Did you open up the leaking one all the way then shut it off? There could've been debris in the sillcock, making it leak.


----------



## Cole82 (Nov 22, 2008)

Are you sure it's just not the stem draining out after your turn it off?

Cole


----------



## JBrzoz00 (Jan 11, 2011)

Mehtwo, I will try that

Cole, I dont think so. Will check tomm afternoon.


----------



## The Coastal Craftsman (Jun 29, 2009)

JBrzoz00 said:


> Installed 2 new hosebibs on the front and rear of my house. All the pipe connections are fine. Problem is, there seems to be a very small/slow leak coming out of the faucet end. Both are new "8 inch quarter turn anti siphon frost free" I figured since I were replacing both of these I may as well get the frost free kind. Should I go back to the old school type or get some from a plumbing supply instead of Home Depot??


What's the item number or a pic of the ones your using. Some of the anti freeze type ones can drip for a while after you shut them off.


----------



## JBrzoz00 (Jan 11, 2011)

Mueller- 104-575HC


----------



## Oconomowoc (Oct 13, 2011)

Well, that is a poor quality part. It's unfortunate because back in the day they were much better. B&K, Mueller and a few others decided to go the cheap route to appeal to the demands of box stores pushing for low prices. The castings are terrible and the low grade materials have created a lot of problems.

When I get a service call for those I no longer repair them, I tear them out and replace the whole unit.

Arrowhead, Legend or Woodford are decent brand names......but even those are getting worse. I wish I had better news for you but even the top names in the industry are getting bad.

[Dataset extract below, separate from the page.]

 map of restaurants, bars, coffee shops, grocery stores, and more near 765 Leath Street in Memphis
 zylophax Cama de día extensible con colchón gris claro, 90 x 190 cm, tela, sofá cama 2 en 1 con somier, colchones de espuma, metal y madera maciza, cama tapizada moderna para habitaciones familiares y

I've been putting in Legend T-550's lately and customers like them. Arrowhead has a hose bibb with an internal vacuum breaker that looks nice but I've been hearing about those failing again from some of the plumbers I know who use them.

Not really the best advice but that's mainly because I'm sick of fixing all these brands. 

On my house I installed Legend T-550's. You can order them online.


----------



## Oconomowoc (Oct 13, 2011)

Woodford model 19 is a good brand also.


----------



## JBrzoz00 (Jan 11, 2011)

Do you guys think it may be just the water draining out of the pipe of the sillcock? Since the valve is on the end opposite of the part you connect the hose to?


----------



## Oconomowoc (Oct 13, 2011)

JBrzoz00 said:


> Do you guys think it may be just the water draining out of the pipe of the sillcock? Since the valve is on the end opposite of the part you connect the hose to?


It could be. I took for granted the idea you might know that already.

Does it drain for 20 seconds and stop? That's normal.


----------



## Cole82 (Nov 22, 2008)

JBrzoz00 said:


> Do you guys think it may be just the water draining out of the pipe of the sillcock? Since the valve is on the end opposite of the part you connect the hose to?


That's exactly what I said. :whistling that "pipe" is called the stem.

Cole


----------



## JBrzoz00 (Jan 11, 2011)

No leaks so far guys. Appreciate the help.


----------



## Eaglei (Aug 1, 2012)

They all  I had to replace one three times in three years . All purchased from plumbing supply . Their not made to last .


----------



## Inner10 (Mar 12, 2009)

Eaglei said:


> They all  I had to replace one three times in three years . All purchased from plumbing supply . Their not made to last .


They all crap out because people crank the crap out of them thinking it's not completely off while the stem slowly drains out.


----------



## Oconomowoc (Oct 13, 2011)

Inner10 said:


> They all crap out because people crank the crap out of them thinking it's not completely off while the stem slowly drains out.


Even the positive stop quarter turns leak. Quality just isn't the same.


----------